The material below holds pictures, which are to be left out; copy exactly the lines from the one with "ilustraciones, imágenes clip" through the one with "RAD50 Double Strand".

##### Dataset content #####

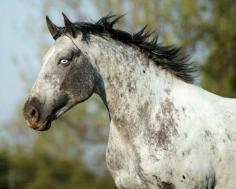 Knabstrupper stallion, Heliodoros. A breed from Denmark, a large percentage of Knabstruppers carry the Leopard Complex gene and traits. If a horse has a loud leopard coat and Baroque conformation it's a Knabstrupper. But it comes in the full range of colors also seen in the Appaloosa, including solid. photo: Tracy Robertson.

#####
##### Dataset content #####

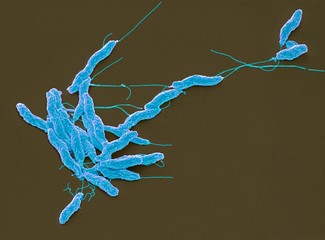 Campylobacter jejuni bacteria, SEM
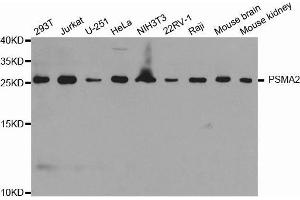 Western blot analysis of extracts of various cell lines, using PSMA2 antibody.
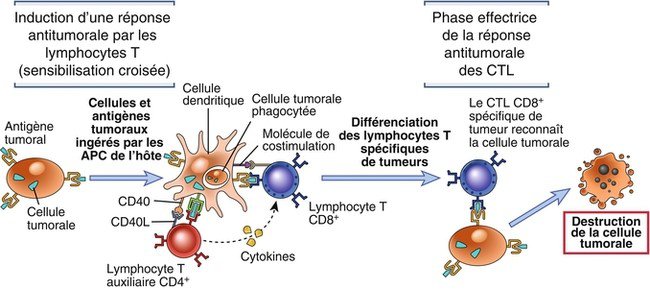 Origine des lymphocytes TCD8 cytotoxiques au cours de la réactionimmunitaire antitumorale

#####
##### Dataset content #####

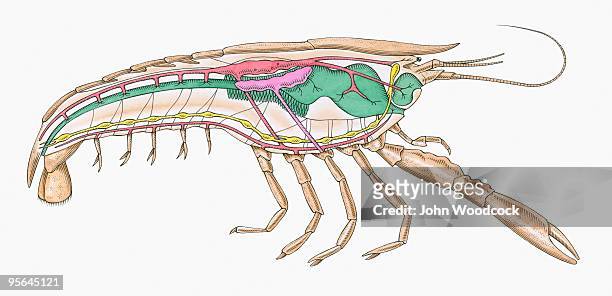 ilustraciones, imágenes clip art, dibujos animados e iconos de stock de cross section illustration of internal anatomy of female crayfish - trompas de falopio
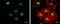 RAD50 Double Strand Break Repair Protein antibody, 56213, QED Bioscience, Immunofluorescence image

#####

The completed task:
 ilustraciones, imágenes clip art, dibujos animados e iconos de stock de cross section illustration of internal anatomy of female crayfish - trompas de falopio
 RAD50 Double Strand Break Repair Protein antibody, 56213, QED Bioscience, Immunofluorescence image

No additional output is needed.